L’étudiante à la maîtrise en architecture et agente de recherche au CRC Camille Lefebvre exprime la même réalité. « Actuellement, le problème est que c’est toujours les mêmes firmes établies qui gagnent les concours, déplore-t-elle. Les jeunes firmes ne peuvent pas être sélectionnées puisqu’elles n’ont pas eu la chance de construire quoi que ce soit ». Ce qui donne lieu à un cercle vicieux.
Concours d’idées
Avant de se lancer dans les concours professionnels, les jeunes architectes ont l’occasion de participer à plusieurs autres concours pour se former à la pratique lors de leurs études. Les charrettes, qui se déroulent sur une période plus courte, en sont des exemples. « Ça nous force à développer notre vision d’une pensée architecturale, croit Camille Lefebvre. C’est une occasion de gagner en indépendance, de tester nos capacités, nos connaissances et notre approche. » Cette vision, ils auront à l’exploiter aussi dans les concours professionnels.
Cela peut aussi être utile à moyen terme d’après Camille Crossman. « Gagner quelques charrettes ne veut pas dire qu’on va avoir plus de contrats plus tard, dit-elle. C’est plus pour le CV de l’étudiant quand il va chercher un stage ou pour obtenir des bourses à la sortie de l’école. »
Ces concours d’idées peuvent mener dans des cas précis à la réalisation de projets selon Camille Crossman. « Le projet ne doit pas répondre aux lois auxquelles l’architecture est assujettie, explique-t-elle. Concrètement, ça veut dire des concours d’installations temporaires, d’aménagement paysager, de bâtiments de moins de 300?m2 , des mobiliers d’exposition. » Elle ajoute que, dans ces cas-là, les plans n’ont pas besoin d’être approuvés par des architectes. « Un concours multidisciplinaire qui exigerait qu’un étudiant s’associe avec un architecte pourrait être intéressant ! » s’exclame-t-elle.
Processus à revoir
Selon M. Chupin, les créateurs de concours sont au cœur de la problématique. « On est dans une sorte de zone grise où les organisateurs disent qu’ils ne sont pas obligés de mettre en place des concours et qu’ils ont le droit de choisir les meilleurs architectes », partage-t-il.

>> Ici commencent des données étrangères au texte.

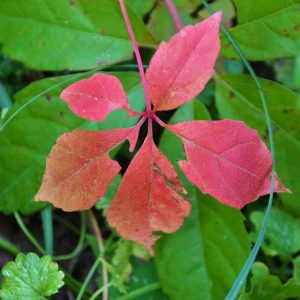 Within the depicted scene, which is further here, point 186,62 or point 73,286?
point 73,286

Le professeur estime que le concours est un dispositif général, avec des règlements et des modalités qui peuvent être ajustés. « On peut très bien avoir un concours de bibliothèque, faire une sélection de dossiers sur six équipes et déterminer que deux d’entre elles seront sélectionnées dans un bassin de jeunes architectes de façon anonyme par exemple », explique-t-il. Une autre possibilité serait la mise sur pied de plus de petits concours avec des budgets moindres. « Même un concours moyen est une brique de plus dans la qualité architecturale de nos espaces publics et collectifs », estime-t-il. Des solutions sont donc envisageables dans un contexte où, d’après Camille Lefebvre, il est nécessaire de se poser collectivement la question de l’accessibilité des jeunes architectes au marché du travail.